Ruangan bagian atas disebut dengan langen dalem. Ruangan itu merupakan tempat perempuan tinggal. Langen dalem dibagi menjadi dua ruangan, yaitu dalem bale, yang berfungsi sebagai dapur dan tempat tidur perempuan yang sudah menikah, dan bale dalem, yang berfungsi sebagai tempat melahirkan, menyimpan barang berharga, dan kamar tidur perempuan yang belum menikah.
Baca juga : 36 Pemenang Menulis Cerpen FTBI Sumatera Selatan Mengikuti Kemah Cerpen
Bale dalem dianggap sebagai tempat yang sakral, masyarakat Sasak menempatkan anak perempuan mereka di sana sebagai simbol perlindungan.

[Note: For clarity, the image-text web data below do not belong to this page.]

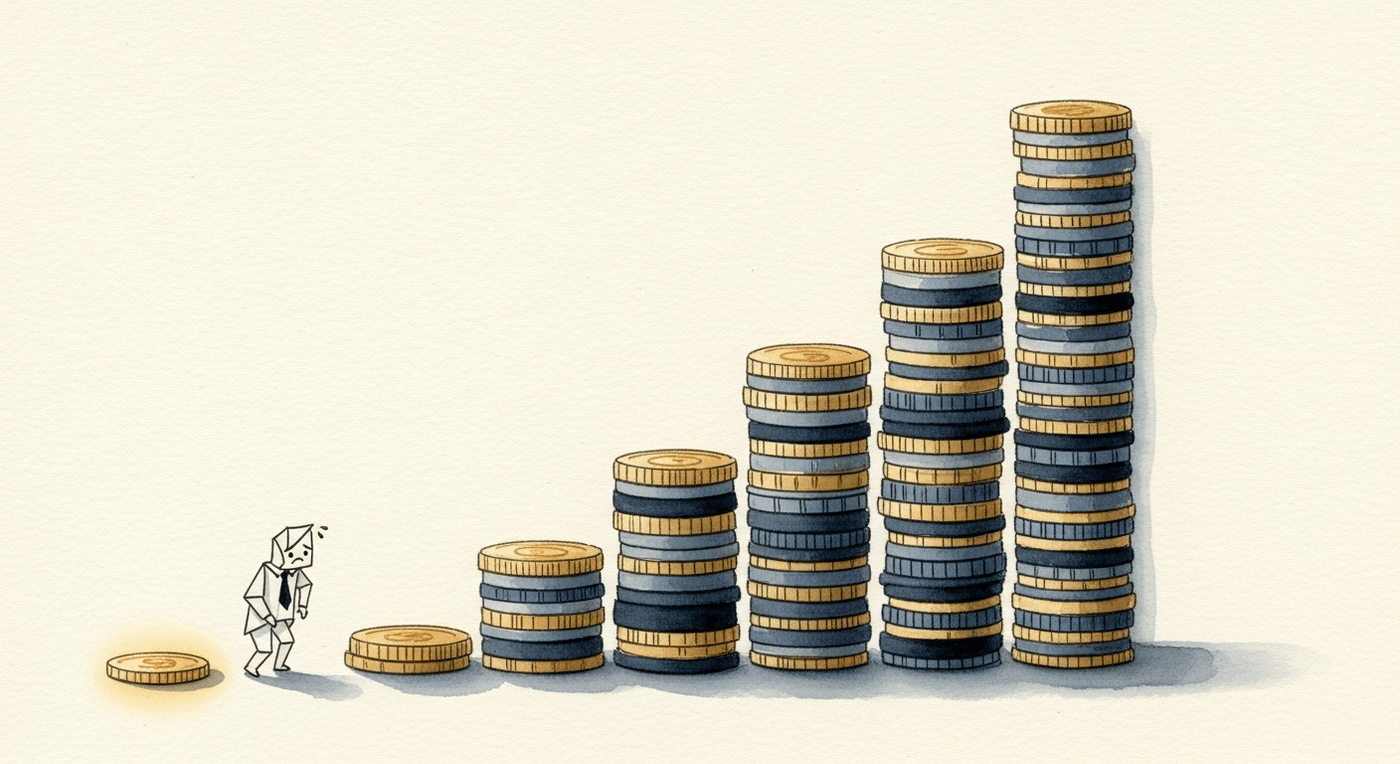Watercolour illustration of a steep rising staircase of coins beside one small steady coin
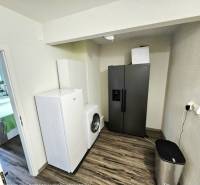 Kuchyně v 3-pokojovém bytě s pračkou a ledničkou. Podlaha s dřevěným dekorem.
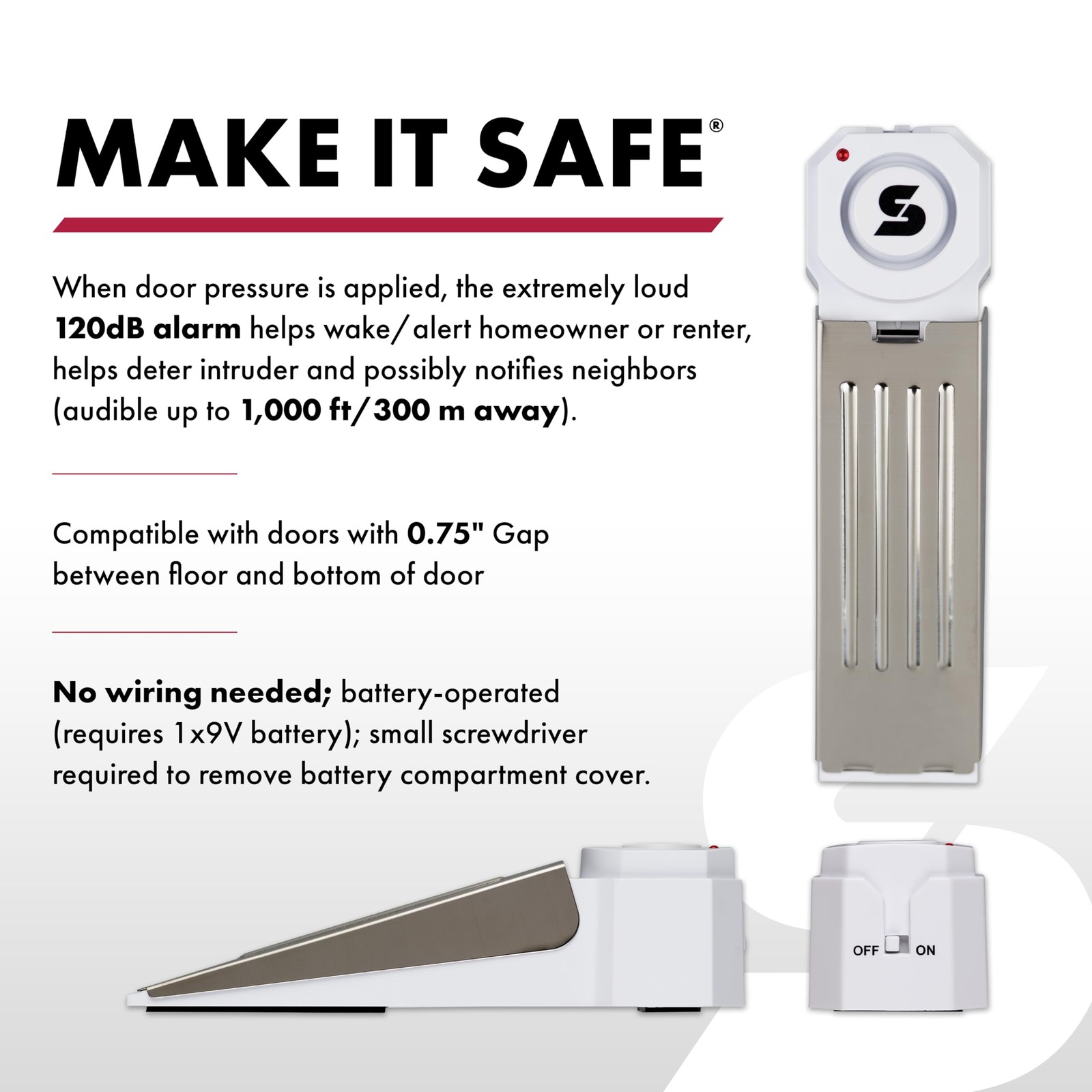 SABRE Door Stop Alarm 120dB Extremely Loud Security Alarm Battery Operated White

Hal itu terkait dengan tradisi kawin culik yang terdapat di wilayah Lombok. Bale dalem cukup aman karena satu-satunya akses untuk melewatinya ialah sesangkok.
Sementara itu, dalem bale difungsikan sebagai pawon, tempat membuat sesaji dan tempat tidur perempuan yang telah menikah. Pada dalem bale, terdapat kompor tradisional yang terbuat dari tanah liat yang disebut dengan jangkih, peralatan masak tradisional yang biasanya dipakai untuk ritual dan upacara adat.

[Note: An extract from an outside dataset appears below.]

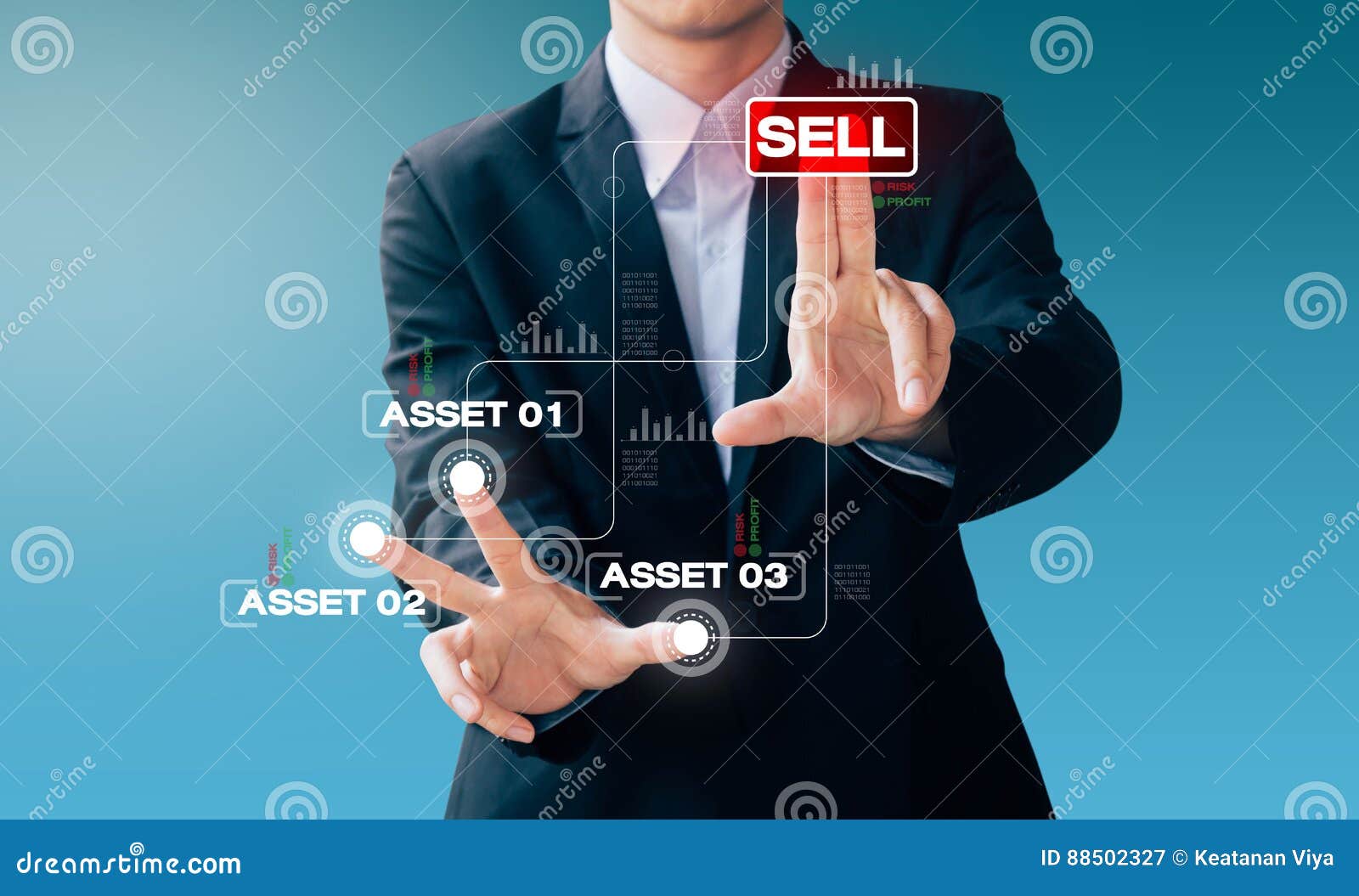 business man hand sign about sell asset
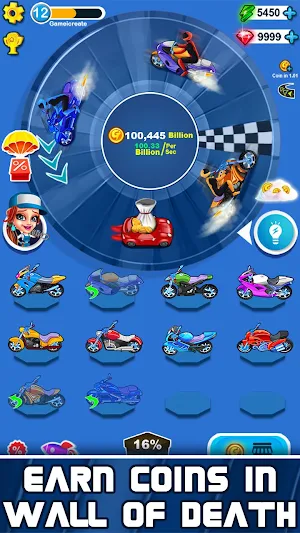 Merge Bike Click & idle Tap Tycoon - Well of Death Screenshot 2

Ruangan atas (langen dalem) dan bawah (sesangkok) dihubungkan dengan tiga atau empat anak tangga. Lukita, Tulistyantoro, dan Kattu (2016) menganggap bahwa empat anak tangga merupakan perlambangan antara manusia, orangtua, leluhur, dan Tuhan. Simbolisasi itu merupakan pengingat akan akar dan tujuan hidup manusia. Sementara itu, tiga anak tangga menyimbolkan siklus hidup manusia, dari lahir berkembang hingga mati. Widisono (2019), di sisi lain, mengaitkan tiga anak tangga tersebut dengan ajaran Islam Wetu Telu.
Baca juga : Berguru kepada Alam, FIB UI Gelar Dies Natalis ke-84
Di beberapa bale, pemilik sengaja menambahkan dua lagi tangga sebagai perlambang bahwa pemilik rumah telah memeluk Islam secara utuh (Widisono, 2019). Ditelaah dari sini, bale sebenarnya menyimpan jejak dinamika kepercayaan masyarakat Sasak yang dinamis.
Warisan budaya takbenda
Baca juga : Senandung Pergi Haji dalam Masyarakat Kerinci
Kompleksitas fungsi, makna, dan estetika itulah yang membuat rumah Sade terdaftar dalam salah satu warisan budaya takbenda pada 2010, dalam domain kemahiran dan kerajinan tradisional. Bagi masyarakat Sade, rumah bukan sekadar tempat berlindung. Rumah merupakan bagian penting dalam kehidupan sosial dan spiritual mereka. Setiap aspek dalam rumah Sade dirancang untuk mengingatkan penghuninya terhadap beragam nilai luhur dari masa lalu.
Saat ini, di hari biasa desa adat Sade yang berada di tepi jalan menuju Mandalika, atau yang menjadi salah satu dari sepuluh Bali Baru itu, rata-rata dikunjungi 100 orang. Jumlah pengunjung itu akan meningkat dua kali lipat pada hari libur.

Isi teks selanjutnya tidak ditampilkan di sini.